BY GRANT TIMMERMAN — in collaboration with Akash Gupta, Kexiang Xu, and Mingjing Zhu
During my senior year in the University of Washington’s Computer Science Department, I had the honor of taking the Internet Systems Capstone class (CSE454) taught by AI expert, Dan Weld. The crux of the 12 week class was designing and implementing a system uses any of the following crucial components to almost all modern internet sites:
- Information Extraction / NLP
- Machine Learning
- Network Effects
We chose to build a tool called AlgoDB which allows any software developer to easily search for an algorithm and find copy-and-pastable code samples in a variety of languages. The following is a summary of our results.
The goal of our project is to create a search engine that would enable programmers to quickly look up source code implementations for any algorithm. The existing search engines are inconvenient for developers searching for algorithm implementations. Popular search engines like Google are too broad, source-code agnostic, and contains too much noise. Furthermore, sources such as Wikipedia or an algorithms textbook mainly give abstract explanations or pseudocode instead of copy-and-pasteable code. This is not ideal for programmers who would rather quickly discover a robust library or snippet of code than translate the algorithm from pseudocode which is prone to errors. Our goal is to eliminate time wasted from looking for online implementations, allowing programmers to focus more on the problems that they are trying to solve.
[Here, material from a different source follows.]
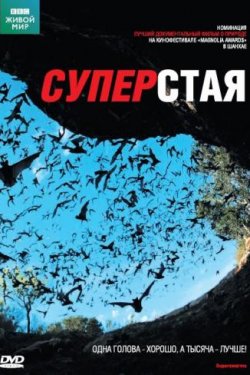 Смотреть BBC: Суперстая (2009) онлайн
Our project is composed of two major parts, the algorithm and implementation database and the search engine front-end. The database stores all of our algorithms, categories and implementations, while the search engine takes user queries and responds with a list of relevant algorithms and implementations. In addition, the front-end has various functionalities to facilitate information discovery such as language filters, dedicated urls and sorted indices of algorithms and languages.
The creation of the algorithm and implementation database was done offline. To create the algorithm database, we needed to scrape data from Wikipedia, npm and Rosetta Code. We used a variety of techniques and database choices to make this process efficient.
For this project, we decided to use Wikipedia as the source of truth when it comes to algorithms. This makes accurately extracting Wikipedia algorithm concepts paramount to the success of the project. We scraped Wikipedia recursively starting from the Wikipedia category “Category: Algorithm”. From there, we indexed every subcategory and pages up to a cutoff depth of 5. We store pages and subcategories into our Elasticsearch database of algorithm and algorithm categories, respectively. Storing algorithm categories along with algorithms could pave way for future research involving relations between algorithms.
As we delved deeper into the subcategories of Algorithms, we started noticing wikipedia entries which are no longer algorithms. In order to filter them out, we employed the heuristic that a Wikipedia page is an algorithm if its first paragraph (usually called “summary”) contains the word “algorithm”. Later, we realized that many Rosetta Code implementations weren’t getting linked because the associated Wikipedia pages didn’t contain the word “algorithm”, so we relaxed this restriction and deemed that a Wikipedia page must be algorithm-related if it’s associated with a Rosetta Code implementation.
The next step for making our algorithm database required us to link algorithm names to implementations. Wikipedia provides a clean list of algorithm names, but rarely provides implementations. On the other hand, Rosetta Code and npm have a lot of implementations, but they might not necessarily be for algorithms. So, the main part of the algorithm database stage is to link algorithms to their implementations.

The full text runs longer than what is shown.